Wednesday, August 14, 2019

Australia 2019 – Day 26 – The Atherton Tablelands

Yesterday evening I had a delicious dinner of pasta Alfredo and kangaroo kebabs! Kangaroo meat is pretty good and not gamey at all. It is very red and reminded me a bit of horse meat.

So today I took a tour to the Atherton Tablelands, which extend south of Cairns. The tablelands are not really flat, but are a volcanic plateau formed by the coalition of several small basaltic shield volcanoes, 4 to 1 million years ago. They were originally covered by a sub-tropical rainforest that has been heavily cleared for agriculture. As the name suggests this is an area where it rains a lot. The town of Bobinda has won the Gum Boot trophy 14 out of 15 years. This trophy is given to the town where it rains the most in Australia, and Bobinda boasts an average of 6 m per year (that would be 72 inches per year), and the nearby mountains, which include the two highest peaks in Australia (only 1,600 m in altitude) have been known to receive 10 to 12 m of precipitation per year (120 to 144 inches per year)!.

So what type of ag goes with these high precipitation values? Bananas, sugar cane, and surprisingly also maize. Sugar cane is the cash crop here, and we drove past thousands of hectares covered by it. It has already flowered, so it is ready for harvest, but today is raining and to harvest it they need several dry days on a row. It is thinner than the sugar cane we are used to in Mexico and the Caribbean (maybe the thickness of a finger), but that means they can mow it like grass, which makes for much faster mechanized processing. Outside of that they follow the same procedure of squeezing the juice, boiling it to concentrate and crystallize the sugar, and then centrifuge the mix to separate the molasses from the refined sugar crystals.

Our objective in this trip is to look at waterfalls, and the first ones we stopped at, Josephine Falls, were scary if not that impressive. The water was moving so fast! There were giant potholes carved in the granite by swirling pebbles and cobbles, and the roar of the water was deafening. Of course, it is raining, and it is probably raining a lot harder up in the mountains.

The second waterfall we saw, Milla Milla, was in stark contrast the “perfect and tidy” waterfall, precisely 18 m high and 6 m wide. It is so perfect that it has been seen all over Australia in shampoo commercials and movies about paradise.

The final waterfall, Malanda, was not only perfect, but the pool at the bottom had been shaped with concrete to look as a swimming pool. Big disappointment.

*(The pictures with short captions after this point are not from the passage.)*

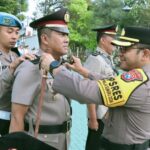 Foto : Kapolres Batu saat pimpin Sertijab Kapolsek Pujon di Lapangan Apel Mapolres Batu.(Ist)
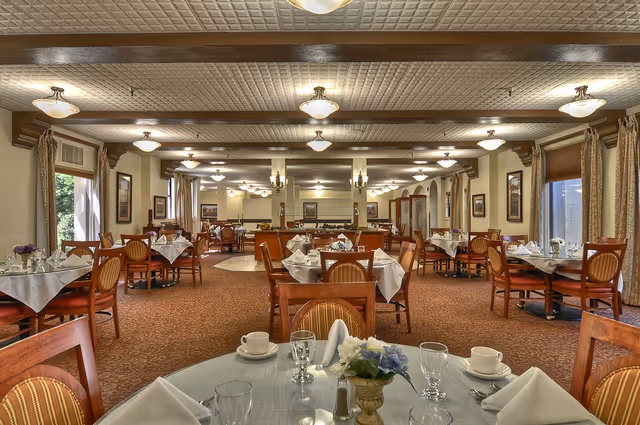 A spacious dining room with multiple round tables covered with white tablecloths, set with cups, glasses, napkins, and small flower arrangements. The room has warm lighting from ceiling fixtures, large windows with curtains, and framed artwork on the walls.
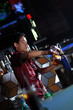 bartender making beveregae at nightclub bar
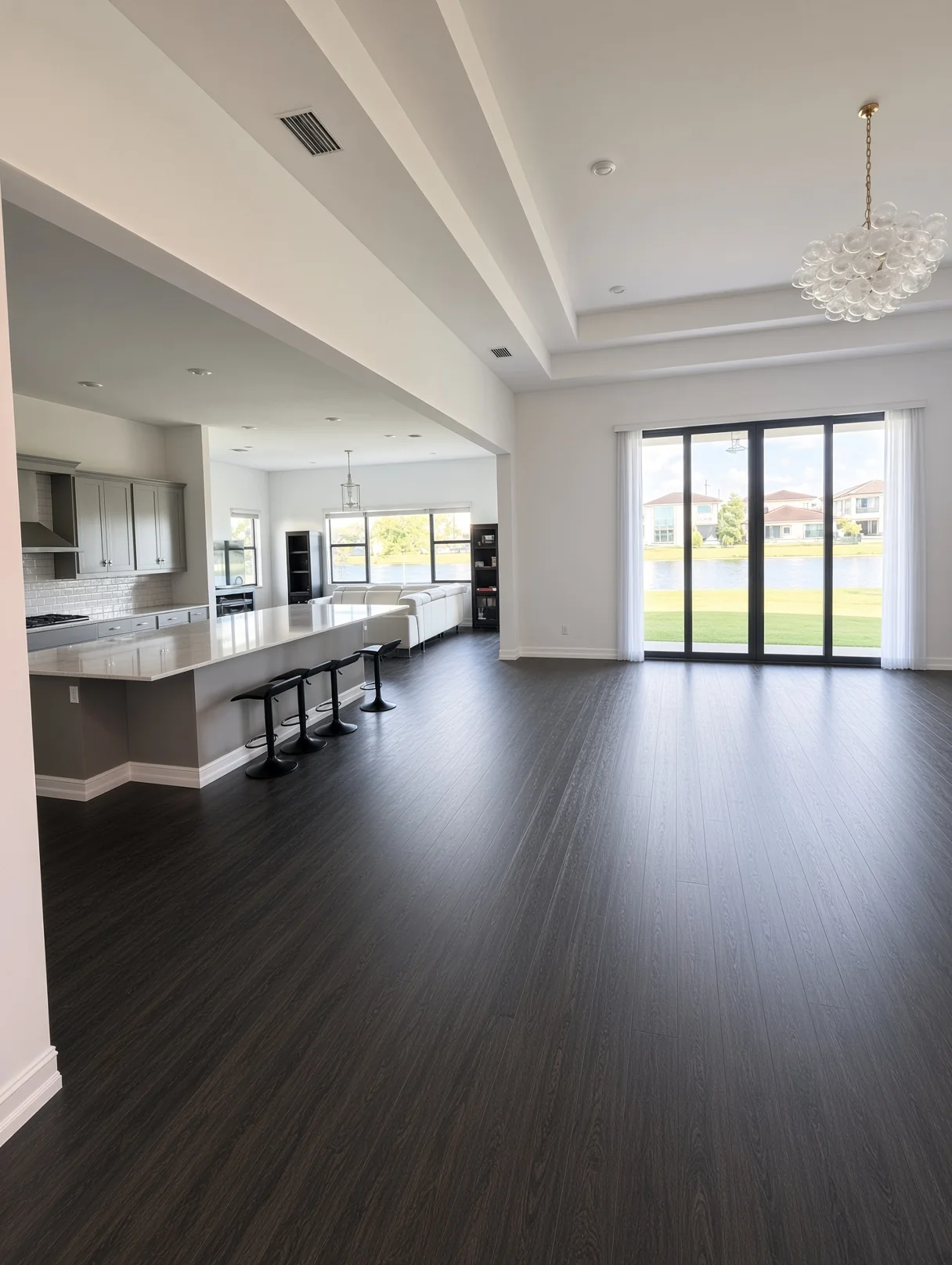 Open great room with dark plank floors, a kitchen island and lake-view doors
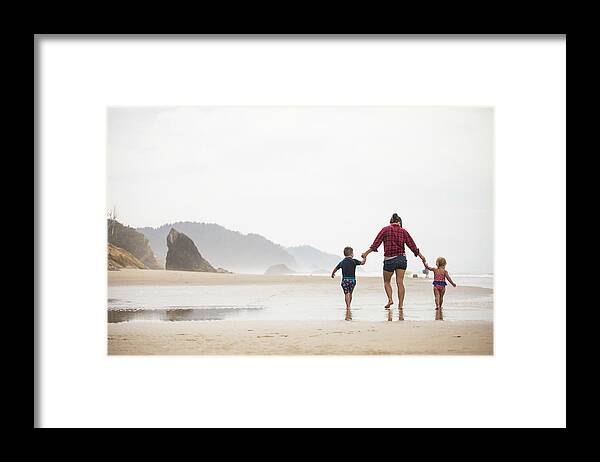 Free Framed Print featuring the photograph Rear View Of Mother Walking On Beach With Her Two Young Children. by Cavan Images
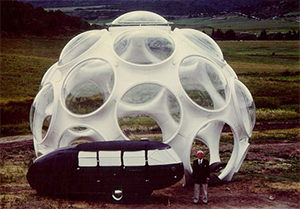 Image of Buckminster Fuller standing next to a concept dome and the Dymaxion Car.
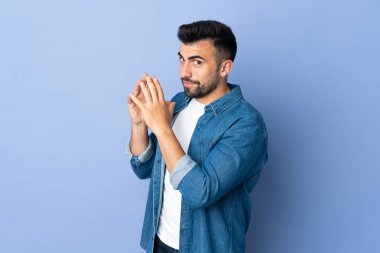 İzole edilmiş mavi arka plan üzerinde beyaz bir adam bir şeyler planlıyor.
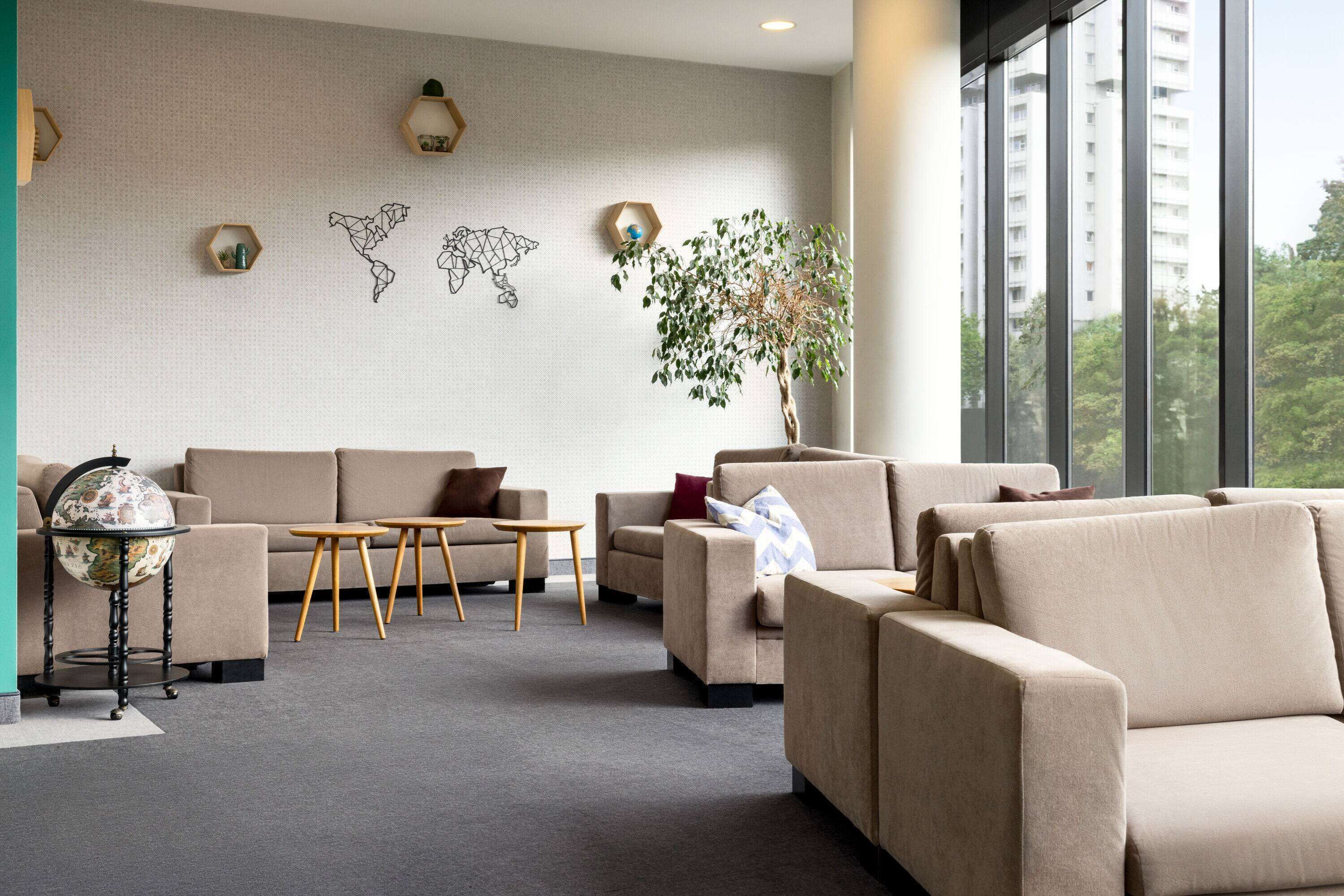 A modern living room with a sofa set, a coffee table, and a globe on a stand.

However, the forest around it is home to the elusive tree-dwelling kangaroo, so I got a crink in my neck looking up (without success I am sorry to report). This peculiar kangaroo occupies the ecologic niche that monkeys occupy in other rainforests, and has even evolved a mildly prehensile tail. The wonders of evolution!

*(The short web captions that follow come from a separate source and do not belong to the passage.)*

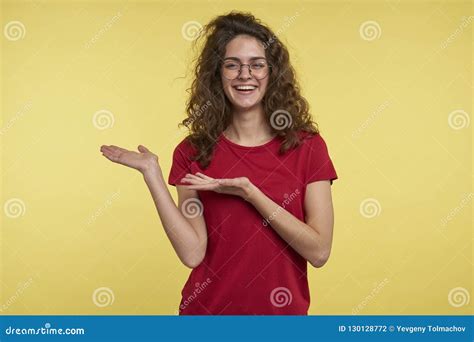A Portrait Shot Of Happy Smiling Brunette Female Showing Palms To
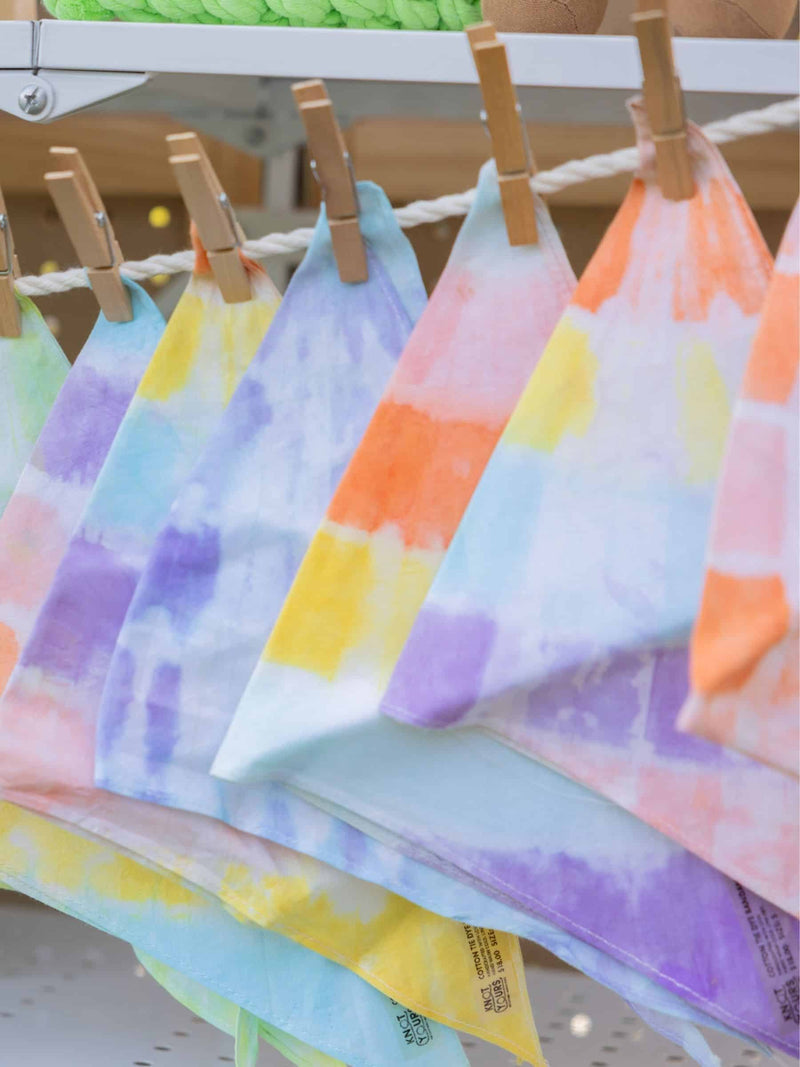 Colorful hand-dyed dog bandanas hanging on a rack with wooden clips.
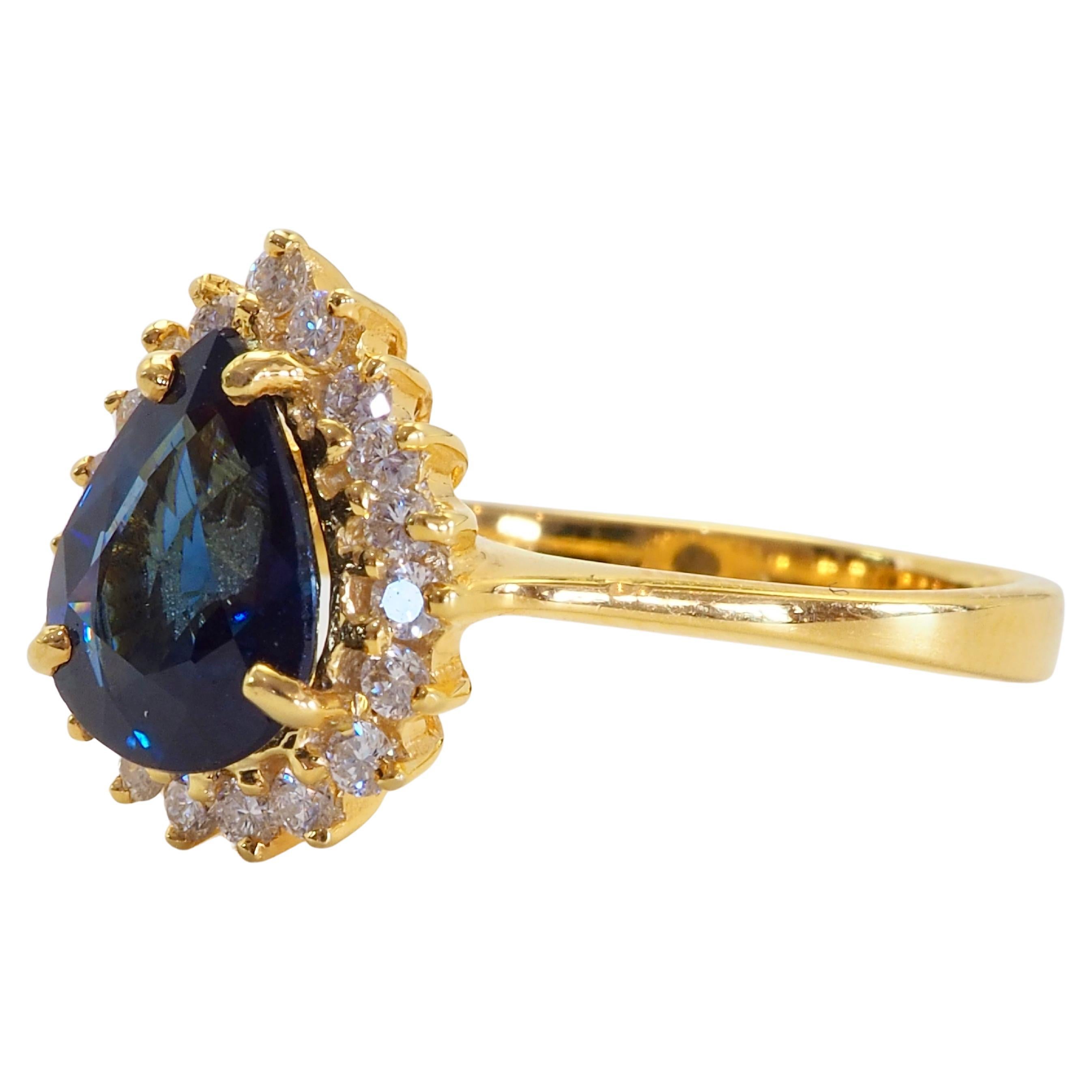 Rare saphir bleu poire thaïlandais provenant des mines de Chanthaburi avec une taille de face décente. De beaux diamants ronds et brillants entourent la pierre précieuse. La tige de style italien est synonyme d'élégance et de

At Malanda they have a Visitor’s Center where they did a great job explaining all about the tree-dwelling kangaroo, but most important is that it reminds me to tell you that the National Park Service is doing a big effort to recognize the local aboriginal tribes as the Traditional Custodians of the land. I was a bit skeptic about the apology that the Australian Parliament extended to the First Nations, as being too little and too late, but I tip my hat in salute to the effort being done to bringing in the elders of the different tribes as advisors to the conservation efforts of Australia.

The last big hurrah of the trip was a quiet walk along this muddy creek, where 100 m down the way we saw in wonder a female platypus swimming for a few seconds, diving into the mud to look for crayfish and other small invertebrates, and then coming up again to elegantly flick the mud out of her catch, regard us with mistrust, and then dive again for another serving. It was fabulous. The platypus, which is probably 10 inches long and thus much smaller than what we had imagined, is very shy and difficult to spot, so I am counting this as one of the most meaningful wildlife sightings of this trip!  

Wait, wait, there is one more thing I have to tell you. Our very last stop was Lake Eacham, which is one of seven maars formed when magma rising along a fissure in the youngest shield volcano encountered groundwater and blasted its way to the surface as a powerful steam explosion. It is pretty high up the mountain, so the local word is that the lake that occupies the depression is not a water table lake, but a rain-fed lake that has developed an impermeable bottom. Without a water table elevation map to look at I would not be able to tell the difference.